Michael Nesmith, guitarist of the ’60s pop group The Monkees, has died at the age of 78.
The famed singer-songwriter, who composed some of the band’s catalogue, including tracks such as “Papa Gene’s Blues,” “You Told Me” and “You Just May Be the One,” died of natural causes Friday morning, according to statement released by his family.
“With infinite love, we announce that Michael Nesmith has passed away this morning in his home, surrounded by family, peacefully and of natural causes,” Nesmith’s family said. “We ask that you respect our privacy at this time, and we thank you for the love and light that all of you have shown him and us.”
Monkees member Micky Dolenz is now the sole surviving member of the group.
“I’m heartbroken, Dolenz said in a statement following Nesmith’s death. “I’ve lost a dear friend and partner. I’m so grateful that we could spend the last couple of months together doing what we loved best – singing, laughing and doing shtick.
Dolenz added: “I’ll miss it all so much, especially the shtick.”
Nesmith found commercial prominence as a musician when he auditioned for the NBC sitcom, “The Monkees,” which centered on the antics of a rock ‘n roll foursome. Nesmith was running “hoot nights” at the popular West Hollywood nightclub The Troubadour when he saw a trade publication ad seeking “four insane boys” to play rock musicians in a band modeled after the Beatles.
“The Monkees” television debut turned him and fellow band members Dolenz, Peter Tork and David Jones into overnight rock stars. The show, which premiered in 1966, rocketed the group to fame, scoring No. 1 hits and chart-topping albums.
Jones, with his British accent and boyish good looks, was the group’s cute lead singer. Dolenz became the wacky drummer, although he had to learn to play the drums as the show went along. Tork, a folk-rock musician, portrayed the comically clueless bass player. Nesmith, with his twangy Texas accent and the wool hat he’d worn to his audition, became the serious but naive lead guitarist.
During the tumultuous two-year run, “The Monkees” won the 1967 Emmy for best comedy series.
After the show concluded in 1968 the band embarked on a lengthy concert tour where members sang many of their own songs and played their own instruments before crowds of adoring fans. Jimi Hendrix was sometimes their opening act.
Following the group’s breakup in 1970, Nesmith moved on to a long and creative career, not only as a musician but as a writer, producer and director of films, author of several books, head of a media arts company and creator of a music video format that led to the creation of MTV.
Nesmith rarely rejoined the others for reunion tours, leading many to believe he disliked the band and the show, something he steadfastly denied.
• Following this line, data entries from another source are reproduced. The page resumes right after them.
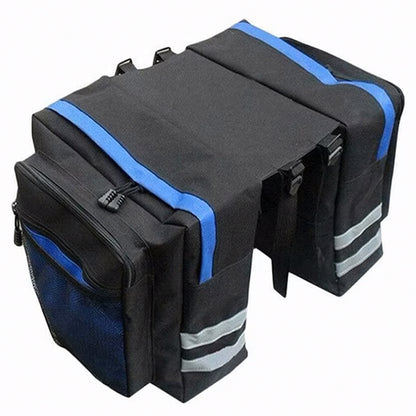 OneSport E-bike Tail Bag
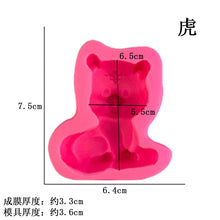 aab40d0e890f8f56ddc1d393b2d9e7e5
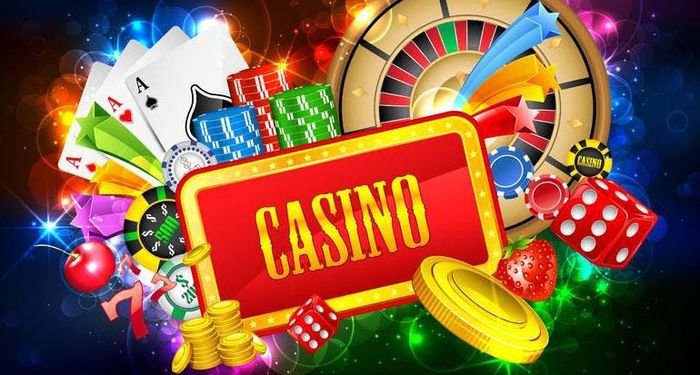 Casino Platforms That Support Cryptocurrencies 1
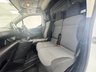 USED 2019 19 CITROEN BERLINGO **NO VAT!**1.6 BlueHDi 1000 Enterprise M Panel Van 5dr Diesel Manual SWB Euro 6 (s/s) (100 ps) FULL DEALER HISTORY! 1 FORMER OWNER! FULL DEALER HISTORY! 1 FORMER OWNER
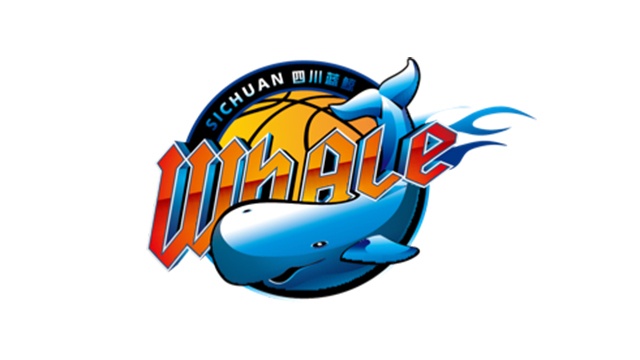 开云体育app下载-媒体人：四川此前通过质押股权的方式向省篮协借款 偿还欠薪&amp;运营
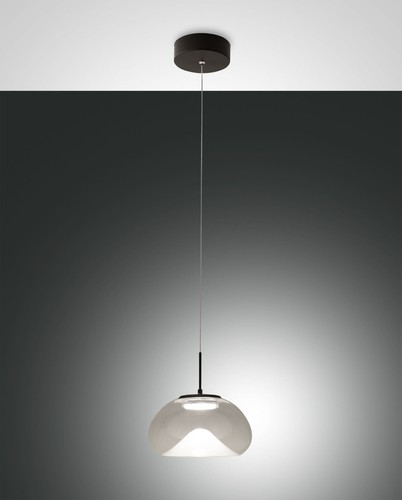 Fabas luce lampada - fabas, a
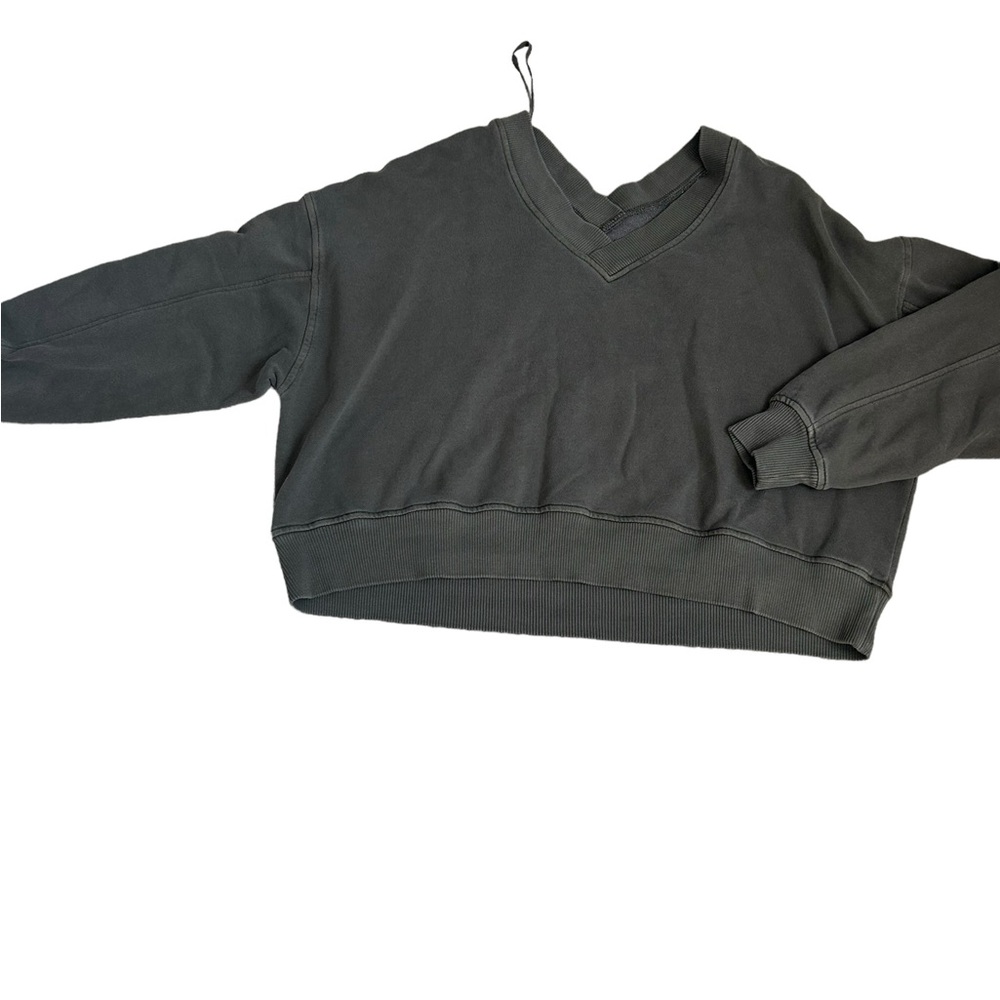 Aerie Woman’s sweatshirt/pullover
For the Monkees’ 30th anniversary he induced the others to reunite to record a new album, “Justus,” for which all four composed the songs and played the instruments. He also rejoined the others for a brief tour and wrote and directed their 1997 TV reunion film, “Hey, Hey, It’s the Monkees.”
After fighting for creative control in The Monkees in the late ’60s, Nesmith went on to form the country rock outfit The First National, which scored a top 25 hit in 1970 with “Joanne,” according to Billboard.
Nesmith’s fans went on social media to share what the singer’s life and work meant to them.
“My childhood is now officially gone…” Phoef Sutton tweeted.
“This is not the time to be losing Monkees,” Frank Conniff wrote. “This man was a major talent. Rock & Roll Hall of Fame, when are you going to do the right thing and give these national treasures the recognition they deserve?”
“His body of work speaks for itself with honesty and conviction,” Kiefo Nilsson tweeted. “Rest In Peace to one of the greats.”
Born in Houston, Nesmith was the only child of Bette Nesmith, a divorcée who went on to create the typewriter correction fluid Liquid Paper, which made her a fortune by the mid-1970s. She eventually left her fortune to Nesmith and to nonprofit foundations she endowed to promote women in business and the arts.
Nesmith, who was married and divorced three times, is survived by four children: Christian, Jason, Jessica and Jonathan.